[Problem details] In the listing below, repeat exactly every line from the first through the line containing "Reloj despertador icono", with nothing else.

▼

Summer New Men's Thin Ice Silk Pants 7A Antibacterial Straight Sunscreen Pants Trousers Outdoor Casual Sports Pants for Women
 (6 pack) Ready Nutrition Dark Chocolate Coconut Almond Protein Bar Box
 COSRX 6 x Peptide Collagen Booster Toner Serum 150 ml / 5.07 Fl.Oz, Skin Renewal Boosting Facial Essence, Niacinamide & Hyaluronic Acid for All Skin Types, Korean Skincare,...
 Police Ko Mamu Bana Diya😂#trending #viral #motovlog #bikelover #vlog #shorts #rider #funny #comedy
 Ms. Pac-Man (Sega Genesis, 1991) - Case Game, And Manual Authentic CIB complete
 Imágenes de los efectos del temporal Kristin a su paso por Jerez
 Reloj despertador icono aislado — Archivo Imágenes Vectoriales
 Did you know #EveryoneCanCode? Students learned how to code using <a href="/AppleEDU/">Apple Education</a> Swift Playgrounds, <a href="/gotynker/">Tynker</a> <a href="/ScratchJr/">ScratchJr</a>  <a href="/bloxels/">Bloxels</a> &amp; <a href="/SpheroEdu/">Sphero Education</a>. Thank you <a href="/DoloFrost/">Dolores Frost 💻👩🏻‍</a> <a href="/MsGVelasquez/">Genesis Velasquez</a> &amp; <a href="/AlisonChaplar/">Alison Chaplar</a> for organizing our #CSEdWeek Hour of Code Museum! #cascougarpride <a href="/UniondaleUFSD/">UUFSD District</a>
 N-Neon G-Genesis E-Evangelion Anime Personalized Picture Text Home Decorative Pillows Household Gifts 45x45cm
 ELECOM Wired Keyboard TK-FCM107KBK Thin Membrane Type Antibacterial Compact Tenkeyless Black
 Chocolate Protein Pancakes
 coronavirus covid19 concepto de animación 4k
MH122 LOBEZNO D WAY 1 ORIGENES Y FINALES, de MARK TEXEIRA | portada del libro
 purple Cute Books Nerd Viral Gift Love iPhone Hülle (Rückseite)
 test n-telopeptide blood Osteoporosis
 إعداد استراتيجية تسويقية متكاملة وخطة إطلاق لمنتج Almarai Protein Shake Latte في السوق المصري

▲

[Task result]
Summer New Men's Thin Ice Silk Pants 7A Antibacterial Straight Sunscreen Pants Trousers Outdoor Casual Sports Pants for Women
 (6 pack) Ready Nutrition Dark Chocolate Coconut Almond Protein Bar Box
 COSRX 6 x Peptide Collagen Booster Toner Serum 150 ml / 5.07 Fl.Oz, Skin Renewal Boosting Facial Essence, Niacinamide & Hyaluronic Acid for All Skin Types, Korean Skincare,...
 Police Ko Mamu Bana Diya😂#trending #viral #motovlog #bikelover #vlog #shorts #rider #funny #comedy
 Ms. Pac-Man (Sega Genesis, 1991) - Case Game, And Manual Authentic CIB complete
 Imágenes de los efectos del temporal Kristin a su paso por Jerez
 Reloj despertador icono aislado — Archivo Imágenes Vectoriales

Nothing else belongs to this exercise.